Brief
In the records below, find the line containing "Free People Shrug" and the line containing "Compact Front-Load Hex Screwdrivers Holder"; please repeat exactly the lines from one to the other, both included, and nothing more.

Dataset entries
::::::

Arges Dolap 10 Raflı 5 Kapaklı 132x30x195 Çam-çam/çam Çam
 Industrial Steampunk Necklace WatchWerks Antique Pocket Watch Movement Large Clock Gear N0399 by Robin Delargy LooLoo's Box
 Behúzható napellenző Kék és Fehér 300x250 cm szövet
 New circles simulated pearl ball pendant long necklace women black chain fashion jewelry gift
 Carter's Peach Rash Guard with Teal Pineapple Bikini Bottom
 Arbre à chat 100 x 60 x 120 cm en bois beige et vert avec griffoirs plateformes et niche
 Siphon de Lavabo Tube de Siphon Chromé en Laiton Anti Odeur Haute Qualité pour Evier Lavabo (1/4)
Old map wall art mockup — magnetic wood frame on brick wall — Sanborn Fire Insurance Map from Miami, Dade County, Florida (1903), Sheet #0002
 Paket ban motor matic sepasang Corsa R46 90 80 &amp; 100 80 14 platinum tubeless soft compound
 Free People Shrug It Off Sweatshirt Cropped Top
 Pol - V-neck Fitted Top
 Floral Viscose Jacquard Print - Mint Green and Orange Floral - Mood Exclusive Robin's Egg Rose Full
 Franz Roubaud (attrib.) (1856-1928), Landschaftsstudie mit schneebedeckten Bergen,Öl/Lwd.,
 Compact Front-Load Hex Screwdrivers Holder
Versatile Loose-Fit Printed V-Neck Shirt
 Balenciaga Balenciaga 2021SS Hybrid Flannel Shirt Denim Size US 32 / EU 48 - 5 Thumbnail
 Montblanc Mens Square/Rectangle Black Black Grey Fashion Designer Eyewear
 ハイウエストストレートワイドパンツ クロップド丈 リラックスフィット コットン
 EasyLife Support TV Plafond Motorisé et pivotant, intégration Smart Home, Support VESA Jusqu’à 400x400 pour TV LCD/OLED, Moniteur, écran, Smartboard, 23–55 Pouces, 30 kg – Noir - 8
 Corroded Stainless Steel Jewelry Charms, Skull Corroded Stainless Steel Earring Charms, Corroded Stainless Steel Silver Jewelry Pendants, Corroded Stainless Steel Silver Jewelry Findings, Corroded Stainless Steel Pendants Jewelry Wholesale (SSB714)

::::::

Result for this exercise
 Free People Shrug It Off Sweatshirt Cropped Top
 Pol - V-neck Fitted Top
 Floral Viscose Jacquard Print - Mint Green and Orange Floral - Mood Exclusive Robin's Egg Rose Full
 Franz Roubaud (attrib.) (1856-1928), Landschaftsstudie mit schneebedeckten Bergen,Öl/Lwd.,
 Compact Front-Load Hex Screwdrivers Holder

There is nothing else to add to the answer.